Five Reasons for Travelers to Walk. “In August 1992, when the dog days were drawing to an end, I set off to walk the county of Suffolk, in the hope of dispelling the emptiness that takes hold of me whenever I have completed a long stint of work,” the author W.G. Sebald once wrote. The result: Sebald’s 1995’s Rings of Saturn, one of the great books of the late-20th Century. It’s a reminder that walking while traveling offers rewards forbidden us when we solely rely on cars and other faster modes of transportation.
- Speed kills. That’s to say it kills the ability to slow down and really see our surroundings. Rather than the rushing blur of the world as seen through the window of a car or train, our surroundings sharpen. When speeding past those surroundings, everything simultaneously approaches in the extremely-near future and vanishes just as quickly into the past. It’s all gone before we know it. Walking allows us time to pause and contemplate whatever catches the eye.
- Time to think. As Nietzsche wrote, “All truly great thoughts are conceived while walking.” Though that’s perhaps an overstatement, it’s true the physical act of walking enhances the imagination. It’s easier to see beyond our usual assumptions with fresh air and unfamiliar sights. The mind, too, relaxes and breathes. A long walk in new surroundings eventually unleashes new insights. Later, it’s often the case that longtime problems have seemingly worked themselves out not by our thinking about them but simply by walking with all senses fully engaged in the moment.
- Time out of time. “I like long walks, especially when they are taken by people who annoy me,” said Noël Coward. The reverse, too, is true. Sometimes we need a break from others. There’s no better way to make the most of solitude than a solitary walk. It puts us in touch with ourselves but – because we’re moving – less prone to decorum and others’ expectations.
- No expectations. It’s best if we walk without goals beyond the walk itself. Charlotte Eriksson writes, “Don’t try to make use of it, because you can’t.
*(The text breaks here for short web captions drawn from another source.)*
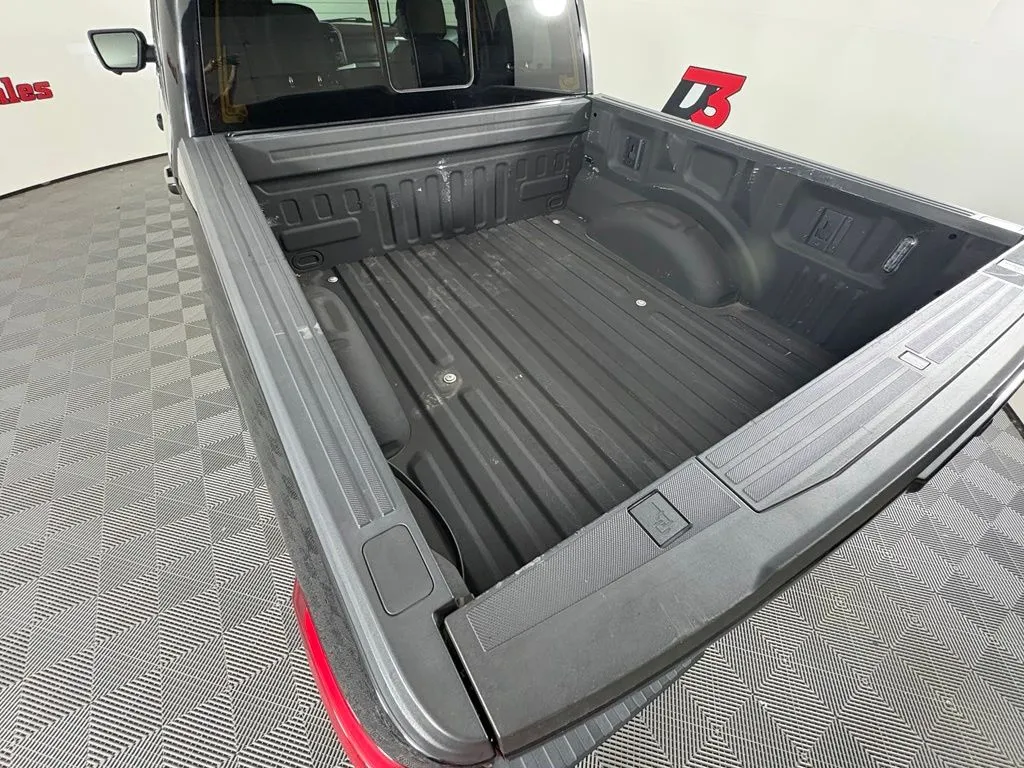 Ford F-150 photo 52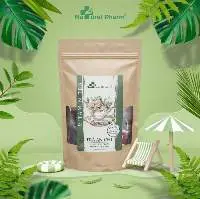 Natural Pharm Muscle Joint Pain Relief Tea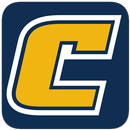 Safe Mocs APK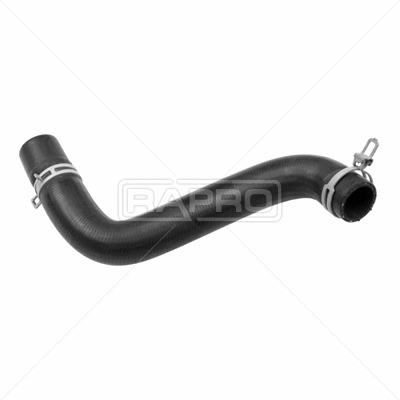 Radiator Hose (R16426)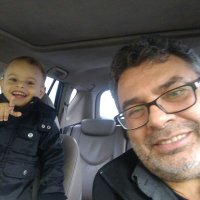 Milcan Ölmez (@milcanolmez) 's Twitter Profile Photo Milcan Ölmez (@milcanolmez) 's Twitter Profile Photo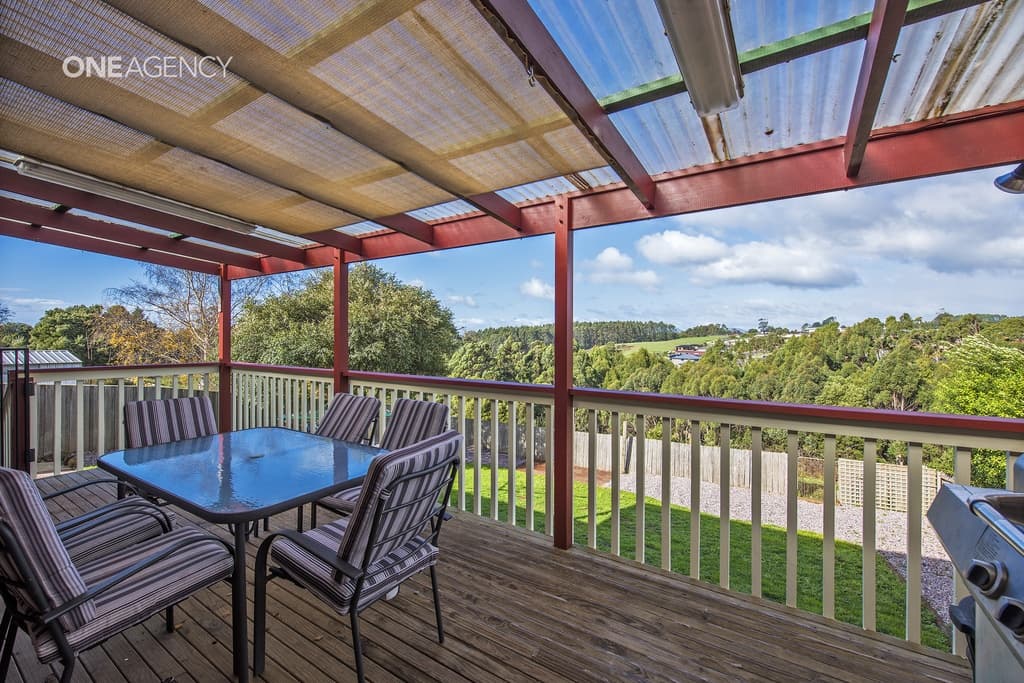 27 Acacia Drive, Romaine, Romaine - Thumbnail 2
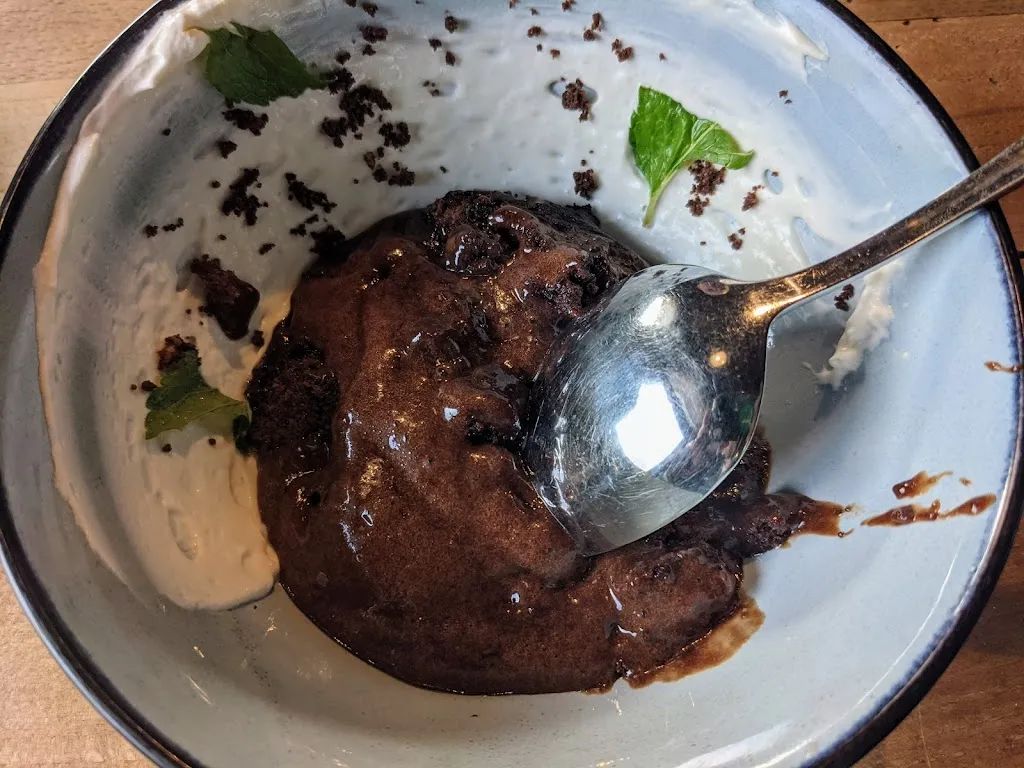 Menu_Polbert Café_Sainghin-en-Mélantois_image_9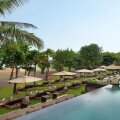 Grand Seminyak Lifestyle Boutique Bali Resort (Ex Anantara Seminyak)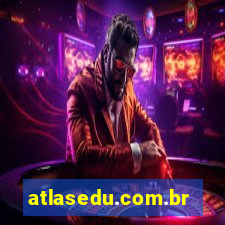 atlasedu.com.br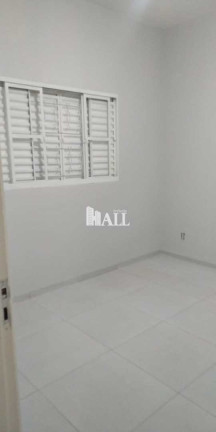 Imagem Casa com 3 Quartos à Venda, 140 m² em Jardim Antunes - São José Do Rio Preto Imagem Casa com 3 Quartos à Venda, 140 m² em Jardim Antunes - São José Do Rio Preto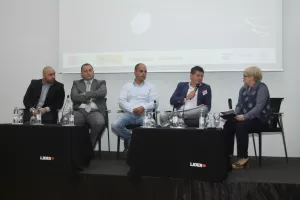 Preko agenata i sajmova najlakše do uspjeha u inozemstvo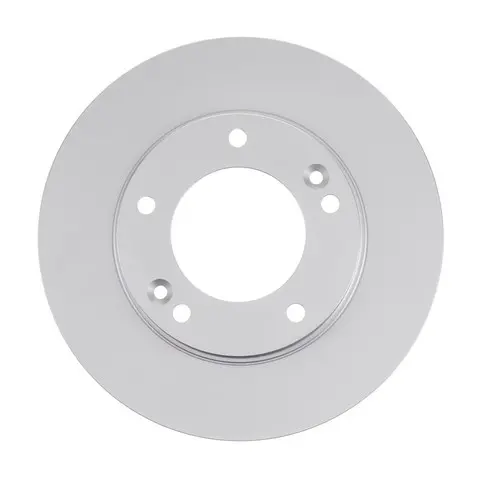 AGNA Brakes miniature 3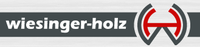Schiller & Wiesinger Holzhandel GmbH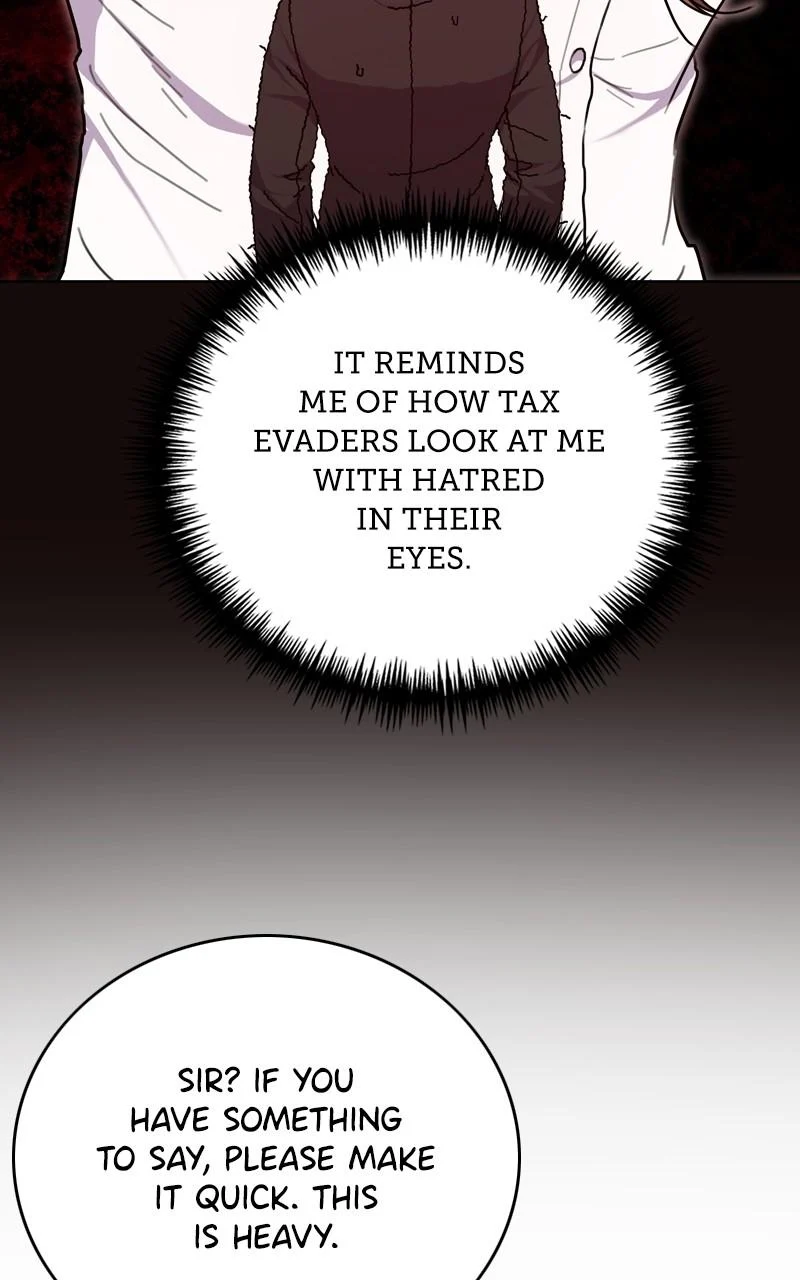 Page 19 of Chapter 119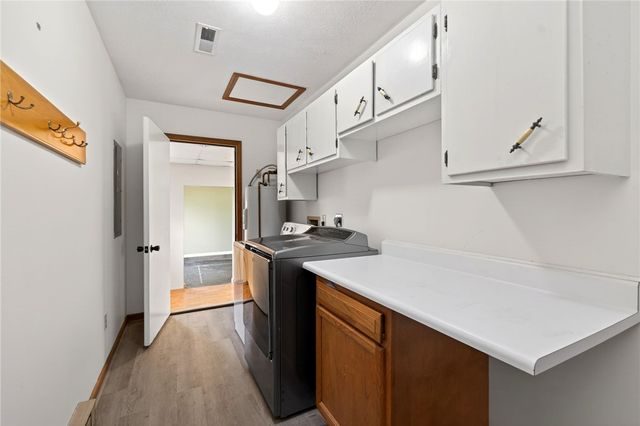 3480 Redbud Drive, Troy, OH 45373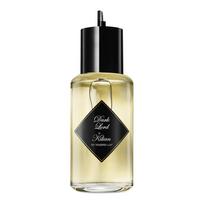 By KILIAN Dark Lord refill Parfumuotas vanduo 100ml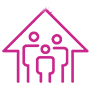 Breakdown NDIS processes 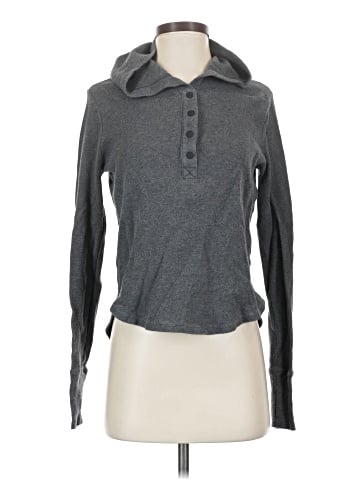 CAbi Turtleneck Sweater (view 1)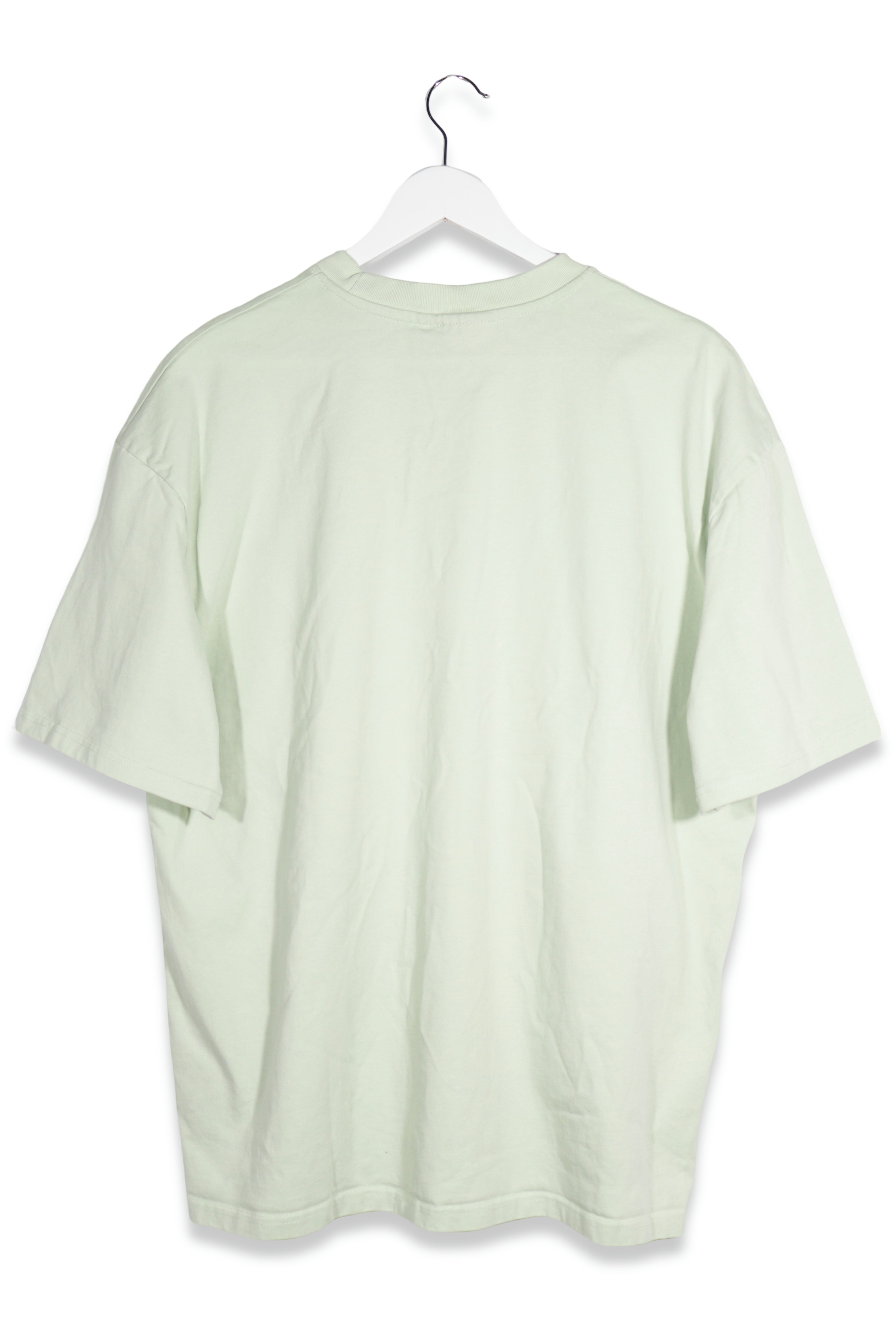 PEGADOR – tricou – vedere din spate – second-hand premium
And that’s the point. Just walk, see, sit down if you like. And be. Just be, whatever you are with whatever you have, and realize that that is enough to be happy.” Despite all the benefits of walking mentioned above, we do best to forget them when we set out for a walk. We need only walk. The rest will take care of itself…and us.
- Wandering. Sometimes, we need to get lost on purpose…and without purpose…leaving our maps, travel guides and cell phone apps behind. By doing so, we nearly guarantee we’ll find ourselves in a place we otherwise would have never seen. We come to know a city better if we avoid visiting only tourist attractions and locations mentioned on top ten lists. We’re likely to head somewhere a local might go. What was hidden reveals itself. The same applies to ourselves.
In a world of instant information, instant everything, we need more slow motion. Walking provides the cure to our ever-shrinking attention spans. We need time to pay attention…and it doesn’t cost a dime.